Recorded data
******

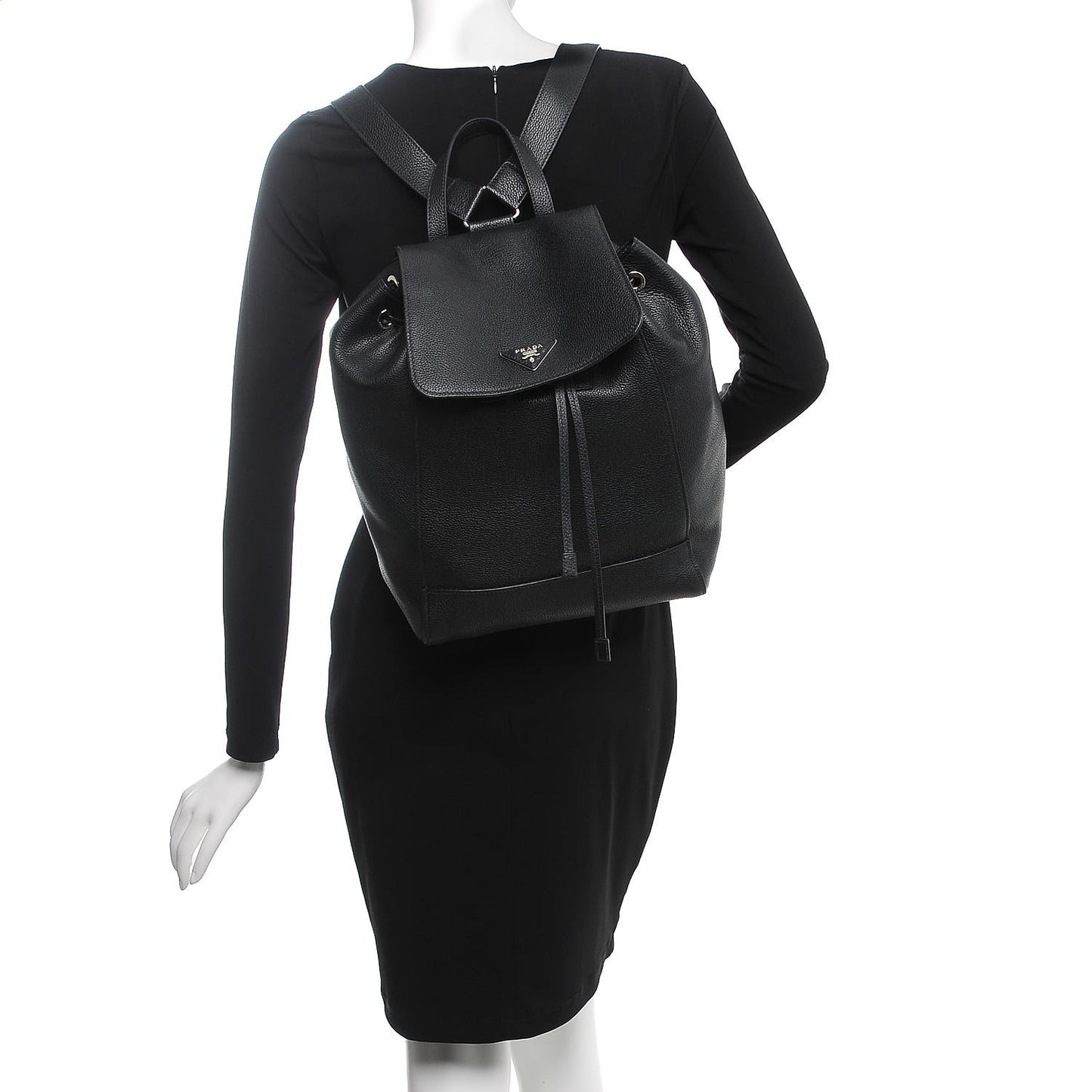 Calfskin Cinch Backpack Black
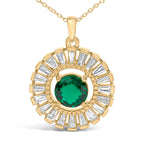 14K Yellow Gold Plated Silver Lab Grown Emerald and Diamond Sunburst Medallion Pendant Necklace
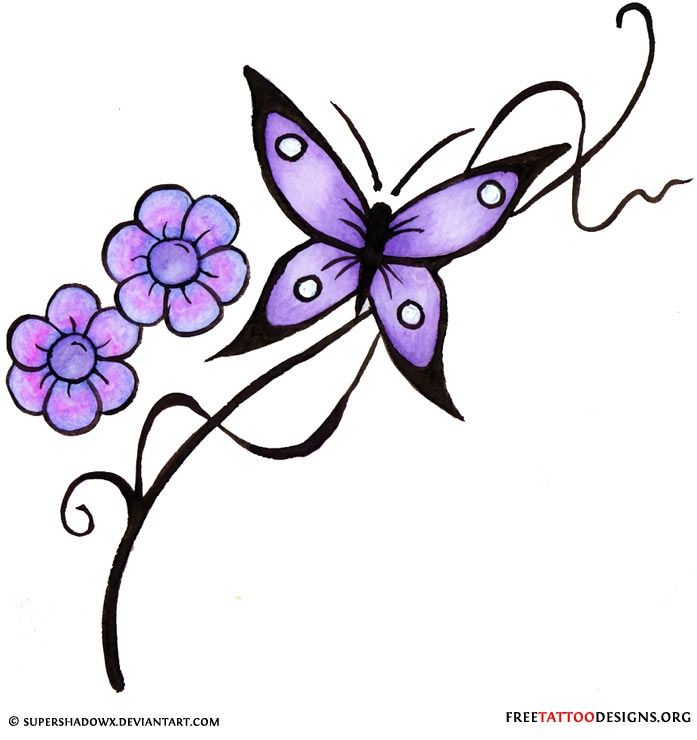 697x740 Flowers Drawings Inspiration Often A Butterfly Tattoo Is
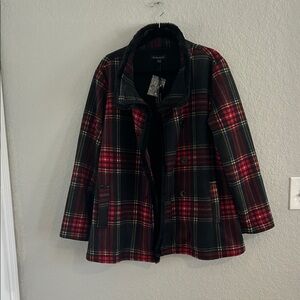 Heavy Plaid Pea Coat - Black and Red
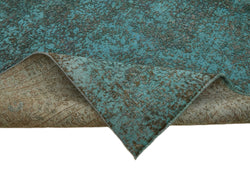 Collection of 9' 7'' x12' 10'' Turquoise Over-dyed Large Rug in a gallery layout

******

• [WHAT YOU SHOULD DO]
Copy out each line of the data exactly as it reads; skip the pictures.

• [TASK RESULT]
 Calfskin Cinch Backpack Black
 14K Yellow Gold Plated Silver Lab Grown Emerald and Diamond Sunburst Medallion Pendant Necklace
 697x740 Flowers Drawings Inspiration Often A Butterfly Tattoo Is
 Heavy Plaid Pea Coat - Black and Red
 Collection of 9' 7'' x12' 10'' Turquoise Over-dyed Large Rug in a gallery layout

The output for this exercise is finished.